Jalal mengungkapkan kegiatan pertambangan harus dilakukan ekstra hati-hati. Jangan sampai menyelamatkan manusia dari perubahan iklim, tapi justru membahayakan keanekaragaman hayati.
Menurut Jalal, pelaporan standar yang paling populer yakni Global Reporting Initiative (GRI) ini sangat penting. Standar GRI di Indonesia sudah diterapkan banyak perusahaan. Namun, jika ingin ESG mendapat pengakuan global, mau tidak mau harus memperbaiki pelaporan.
Jalal pun memberi rekomendasi bagi pelaku usaha di sektor pertambangan untuk belajar keuangan berkelanjutan, integrasi ESG jangan hanya ramai di mulut, bikin penilaian materialitas yang serius, isu ke depan akan sangat penting di antaranya dekarbonisasi dan keanekaragaman hayati perlu diperhatikan, membuat pelaporan dengan menggunakan standar internasional ICMM dan IRMA, serta perlu mempelajari GRI mining.

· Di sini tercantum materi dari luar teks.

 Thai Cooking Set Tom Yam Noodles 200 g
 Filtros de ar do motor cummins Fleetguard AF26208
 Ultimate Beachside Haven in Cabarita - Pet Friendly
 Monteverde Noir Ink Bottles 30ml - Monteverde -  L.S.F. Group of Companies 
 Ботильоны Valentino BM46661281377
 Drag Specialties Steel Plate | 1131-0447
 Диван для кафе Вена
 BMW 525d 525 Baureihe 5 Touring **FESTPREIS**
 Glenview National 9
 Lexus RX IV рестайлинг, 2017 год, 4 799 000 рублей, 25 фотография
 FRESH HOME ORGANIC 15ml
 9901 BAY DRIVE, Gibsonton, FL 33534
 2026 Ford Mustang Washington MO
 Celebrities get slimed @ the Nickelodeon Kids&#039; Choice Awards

“Karena regulasi masih kurang untuk ESG, maka perlu didorong agar lebih serius biar ada level playing field pertambangan Indonesia dengan di luar sana,” katanya.
Prof. Dr. Zuzy Anna, Direktur SDGs Center Universitas Padjadjaran, mengungkapkan kebutuhan ESG menjadi keniscayaan, terutama dalam pasar global. Investor lebih memilih investasi di perusahaan yang mengimplementasikan ESG dan mengikuti kriteria ESG.

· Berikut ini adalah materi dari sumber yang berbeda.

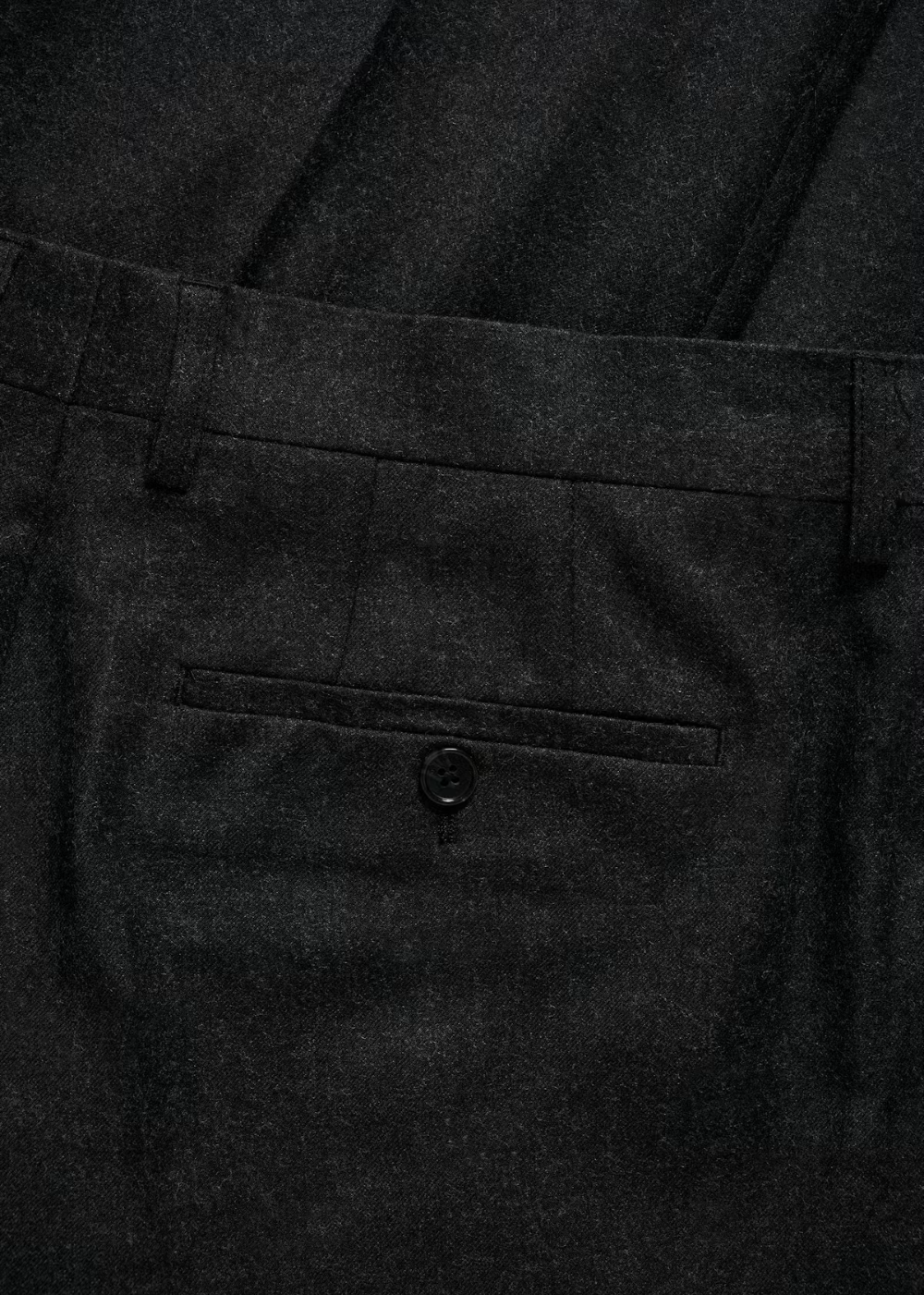 Wesley Pant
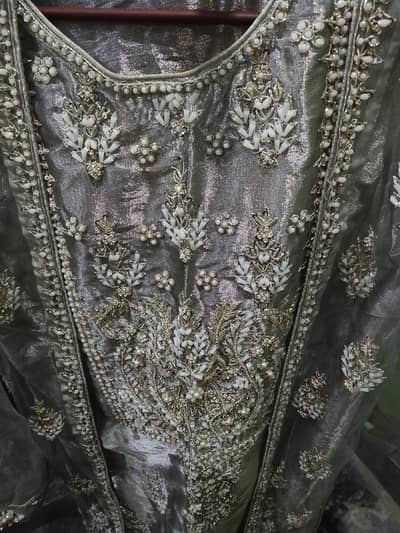 party wear dress, wedding dress, fancy dress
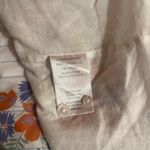 Veronica Beard Jeans Jemila Shirtdress in Off White Multi Photo 7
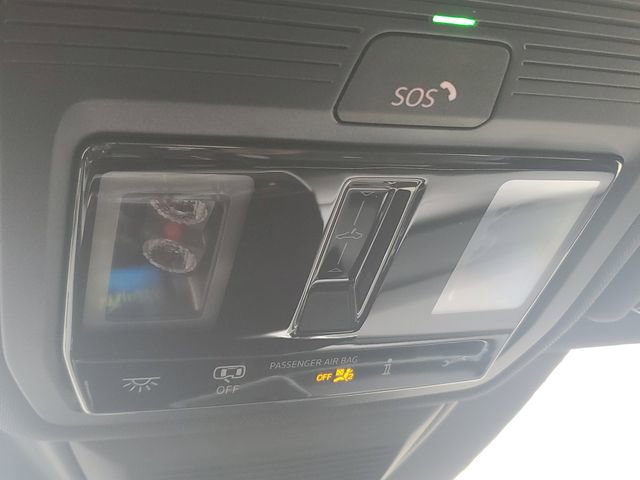 New 2026 Volkswagen GTI SE image 31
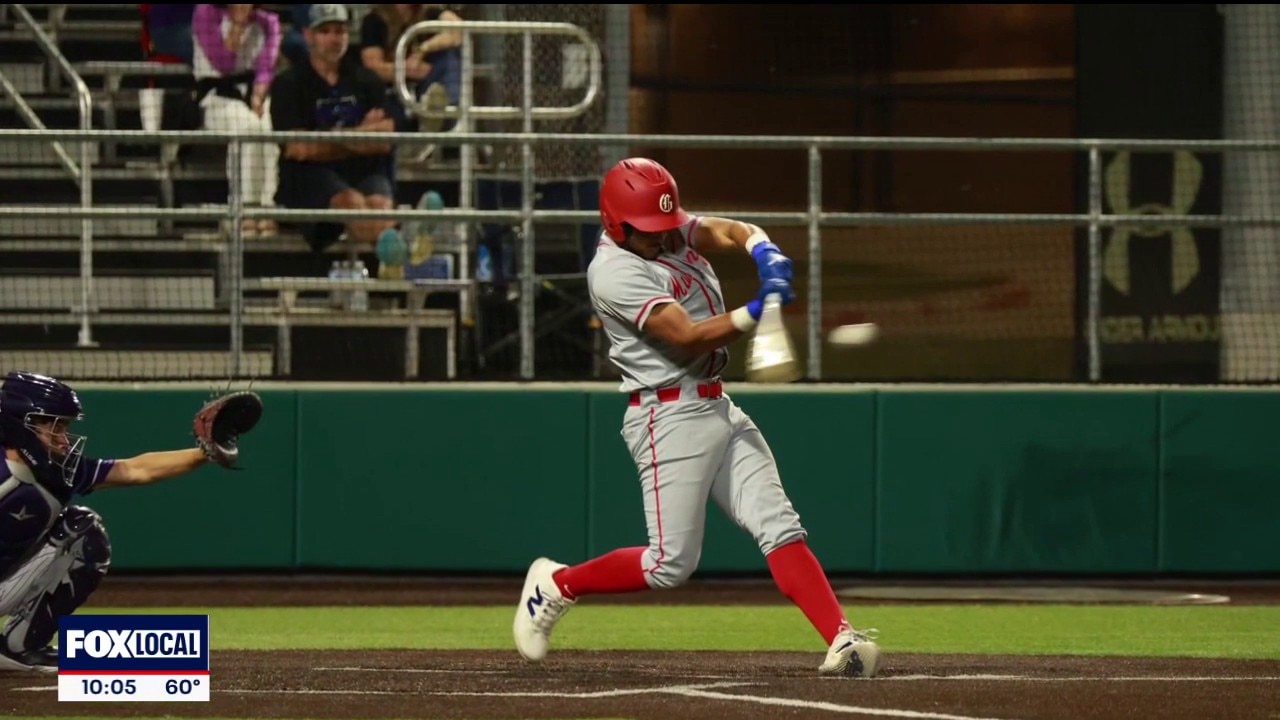 Grapevine High School baseball ruled ineligible from playoffs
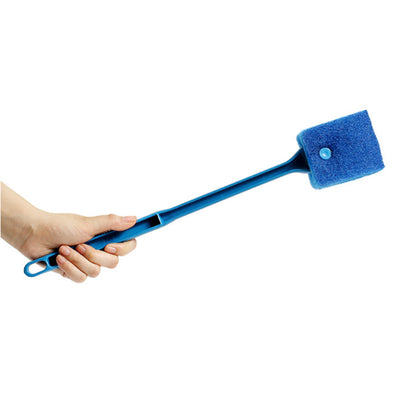 Long-Handle Aquarium Cleaning Brush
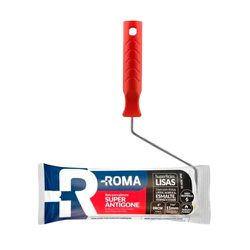 ROLO DE PINTURA SUPER ANTIGONE C/ CABO 09CM ROMA ... - Comercial Leal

“Lembaga keuangan tidak mau memberikan pinjaman atau modal kepada perusahaan yang mungkin terekspos tidak sesuai dengan standar ESG. Partner juga tidak ingin membeli barang dan jasa dari perusahaan yang tidak memiliki,” ungkap dia.

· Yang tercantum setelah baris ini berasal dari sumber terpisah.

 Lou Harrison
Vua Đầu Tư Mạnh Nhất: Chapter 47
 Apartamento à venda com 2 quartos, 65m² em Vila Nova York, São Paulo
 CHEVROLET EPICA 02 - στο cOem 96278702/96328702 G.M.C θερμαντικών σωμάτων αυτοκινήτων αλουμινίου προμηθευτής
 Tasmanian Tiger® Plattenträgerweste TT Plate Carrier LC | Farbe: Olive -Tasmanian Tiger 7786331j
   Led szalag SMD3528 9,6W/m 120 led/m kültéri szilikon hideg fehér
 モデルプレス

Zuzy mengatakan ESG mendorong bad temptations. Pasar sangat menarik untuk para fund managers biaya lebih tinggi membuat institusi bergerak cepat ke pasar. Di sisi lain, lanjut Zuzy, Sebagian masyarakat tidak tertarik untuk mendengar tentang trade off tujuan lingkungan, sosial dan tata kelola.
“Ada banyak yang mengutak atik konsep dan angka beberapa menduga green washing dalam skala besar. Bagaimanapun the idea and importance of esg is highly,” katanya.
Zuzy meyakini ESG adalah public coach atau terkait market layer. Sebenarnya ini harus diselesaikan oleh government sehingga perlu adanya regulasi. “KLHK sudah menerapkan di PROPER. Jadi sebenarnya tidak kurang landasan untuk ESG, maupun SDG’s,” katanya.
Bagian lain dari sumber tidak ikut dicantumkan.